You need to get the house appraised when you start renting it out, because you have to pay capital gains on the difference between the selling price and what it was worth when you turned it into a rental. 

I think you can just leave the tenant in there when you want to sell it, often you will see "tenant is willing to stay" in real estate ads. If the person buying it wants to live there themselves, they can kick the tenant out because they want to move in. If they want to rent it out they'll be happy they have an existing tenant. 

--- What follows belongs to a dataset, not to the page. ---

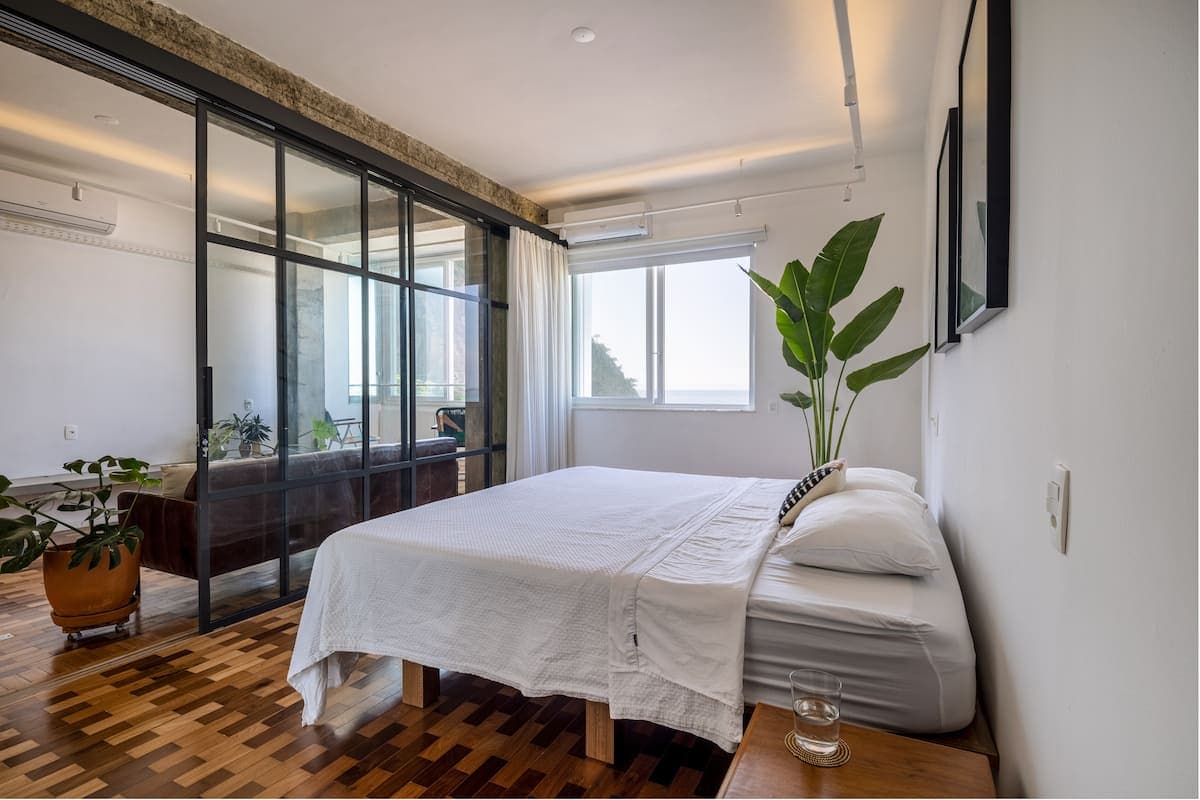 King bed with glass partition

I don't know if you can kick them out in order to put the house on the market (i.e. wanting to have it vacant, clean, tidy for showings). Hopefully someone else will come along who knows.


----------



## none (Jan 15, 2013)

Once you start renting it out it no longer becomes your principle residence. Of course, it's not immediate but adjusted based on how long you lived in the home prior to renting it and how long you rented it for.

Just sell it.

http://www.taxtips.ca/personaltax/propertyrental/changeinuse.htm


----------



## wendi1 (Oct 2, 2013)

Really bad idea. Why would you do this instead of a) selling the house and buying a new principal residence in your new location, or b) selling the house and buying a rental property in your new location?

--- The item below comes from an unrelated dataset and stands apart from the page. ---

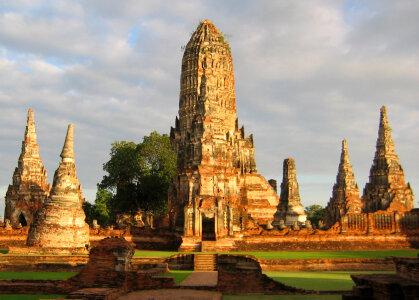 The ruins of Wat Chaiwatthanaram in Ayutthaya, Thailand photo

If you want to be a landlord, you have to read up on the law in your area. It's a business like any other. But don't become a landlord because you are too cheap to pay a realtor, or don't want to take the time to sell it yourself.


----------



## Berubeland (Sep 6, 2009)

In Ontario you can only give notice once the house is sold and if the new owner requires occupancy. Tenants can and do sue for notice in bad faith. What really blows my mind is that realtors don't know this in many cases.


----------



## chriswright (Sep 29, 2015)

*Selling a house with a tenant in it!!*

Firstly, Right up with a agreement of between you & the tenant who buys your house on the rent.

Another positive way, you can contact with the *Realtor* that they have to face the such problems. 



Romy said:


> Hi there!
> 
> I'm about to move to a new city. Instead of selling my house (and paying hefty agent commissions), I thought of renting out my house to a tenant, then putting that income toward renting in my new location.
> 
> ...


----------